__Material supplied__
*** Begin section ***

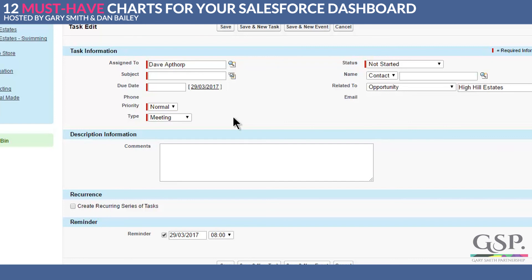Second thing: the due date, again by default, is not mandatory. Make it mandatory on the page layout so that salespeople have to fill in a date for the activity. If you don't, very often the date won't get filled in and you'll have tasks floating around in the ether and not appearing on your report.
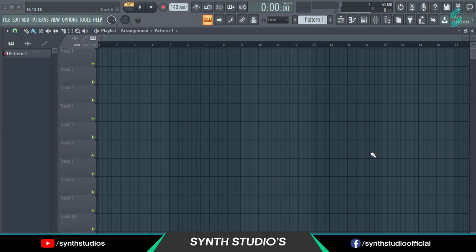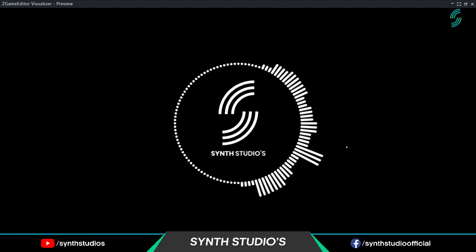Hey everyone, welcome back to another tutorial. In this video I am going to show you how to create this.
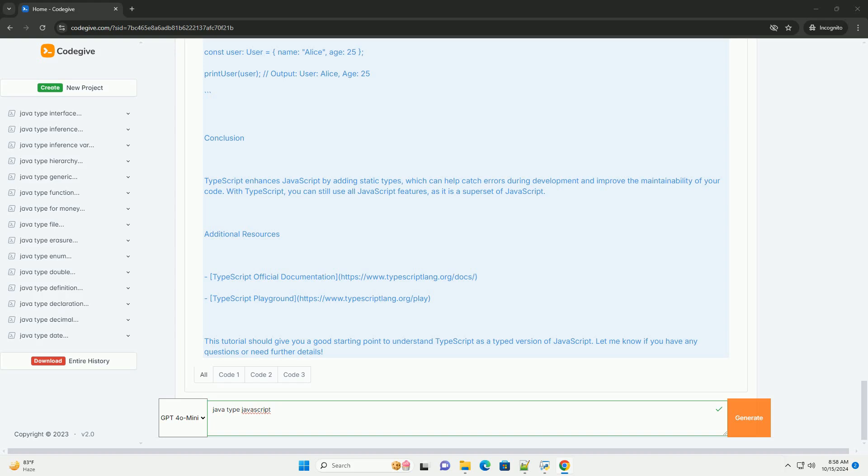Additional resources. TypeScript official documentation, https://www.typescriptlang.org/docs.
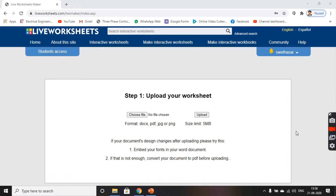Hello, we are going to learn how to make fill in the blank questions, how to make interactive worksheets for fill in the blank type of questions.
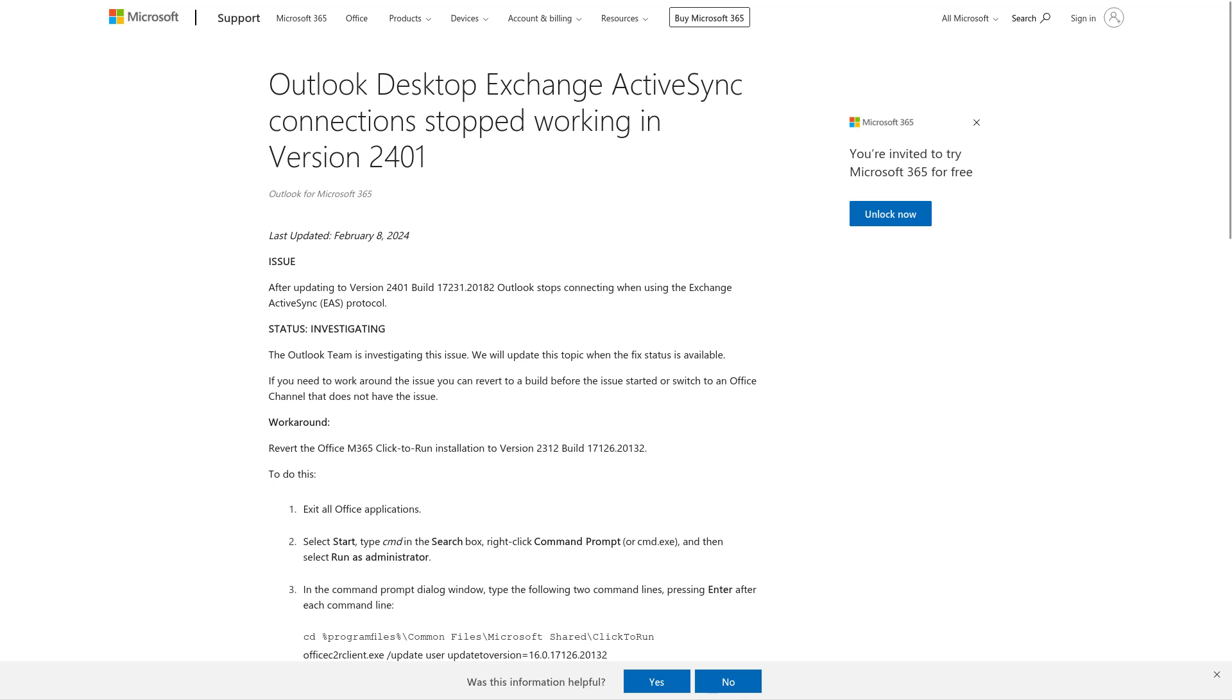Microsoft is investigating this issue and has provided a workaround. The workaround is just to downgrade Outlook to the previous version.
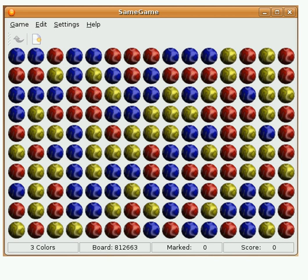Samegame is a tile-matching puzzle originally released under the name Chain Shot in 1985 by Kuniaki Moribe. It has since been ported to numerous computer platforms, handheld devices, and even TiVo, with new versions as of 2016.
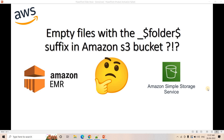Hello friends, welcome to our channel Knowledge Amplifier. Today in this video I am going to discuss one very important concept related to Hadoop Distributed File System, and specially this concept is important if you are using Amazon S3 or Simple Storage Service as HDFS.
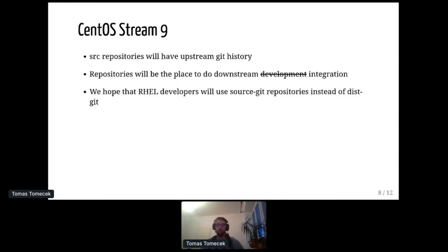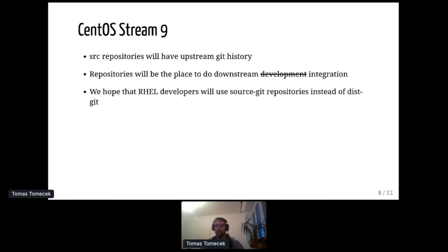In CentOS Stream 9, we'll have these source repositories with actual upstream git history. We are going to work with Red Hat maintainers to set them up, because it's not that trivial. We have tooling to automate it, but there are still cases where it can't be automated. The main offender is conditional patches — it depends on the environment. For example, if you're on Intel and there's a conditional patch for ARM, it won't get triggered. These repositories will be the place where maintainers and everyone can contribute and do the integration of changes into the distribution.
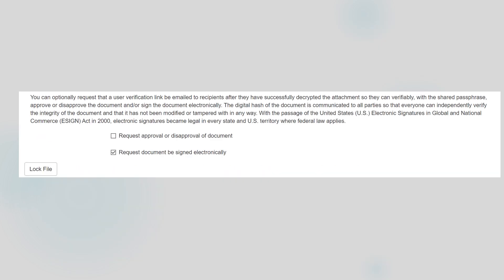There's yet another feature of secure email that is offered. By checking a box, I can request that the recipient electronically sign the attached document or approve and disapprove it after they've decrypted it. In this case, I check the box request document to be signed electronically.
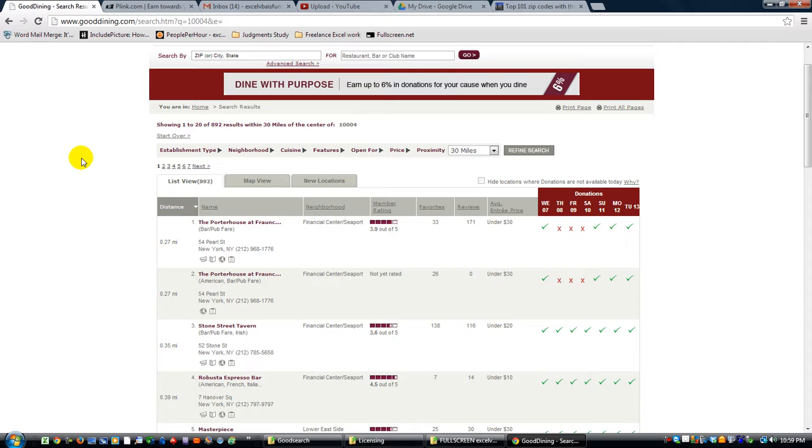So if you don't have a charity, definitely sign up. It's awesome. Thanks for watching. God bless.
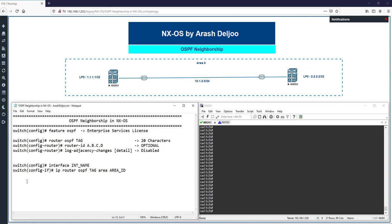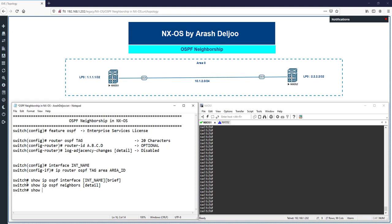The monitoring commands are similar to IOS. To see OSPF-enabled interfaces: 'show ip ospf interface' — you can add the interface name or the 'brief' keyword. To see OSPF neighbors: 'show ip ospf neighbors', with an optional 'detail' keyword. To monitor the LSDB: 'show ip ospf database'. To check the routing table: 'show ip route ospf <tag>' — don't forget to mention the tag to see routes from that specific OSPF process.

*** End section ***

__Problem to solve__
Without copying any picture, write out all of the material exactly as it reads.

__Response to the task__
Second thing: the due date, again by default, is not mandatory. Make it mandatory on the page layout so that salespeople have to fill in a date for the activity. If you don't, very often the date won't get filled in and you'll have tasks floating around in the ether and not appearing on your report.
Hey everyone, welcome back to another tutorial. In this video I am going to show you how to create this.
Additional resources. TypeScript official documentation, https://www.typescriptlang.org/docs.
Hello, we are going to learn how to make fill in the blank questions, how to make interactive worksheets for fill in the blank type of questions.
Microsoft is investigating this issue and has provided a workaround. The workaround is just to downgrade Outlook to the previous version.
Samegame is a tile-matching puzzle originally released under the name Chain Shot in 1985 by Kuniaki Moribe. It has since been ported to numerous computer platforms, handheld devices, and even TiVo, with new versions as of 2016.
Hello friends, welcome to our channel Knowledge Amplifier. Today in this video I am going to discuss one very important concept related to Hadoop Distributed File System, and specially this concept is important if you are using Amazon S3 or Simple Storage Service as HDFS.
In CentOS Stream 9, we'll have these source repositories with actual upstream git history. We are going to work with Red Hat maintainers to set them up, because it's not that trivial. We have tooling to automate it, but there are still cases where it can't be automated. The main offender is conditional patches — it depends on the environment. For example, if you're on Intel and there's a conditional patch for ARM, it won't get triggered. These repositories will be the place where maintainers and everyone can contribute and do the integration of changes into the distribution.
There's yet another feature of secure email that is offered. By checking a box, I can request that the recipient electronically sign the attached document or approve and disapprove it after they've decrypted it. In this case, I check the box request document to be signed electronically.
So if you don't have a charity, definitely sign up. It's awesome. Thanks for watching. God bless.
The monitoring commands are similar to IOS. To see OSPF-enabled interfaces: 'show ip ospf interface' — you can add the interface name or the 'brief' keyword. To see OSPF neighbors: 'show ip ospf neighbors', with an optional 'detail' keyword. To monitor the LSDB: 'show ip ospf database'. To check the routing table: 'show ip route ospf <tag>' — don't forget to mention the tag to see routes from that specific OSPF process.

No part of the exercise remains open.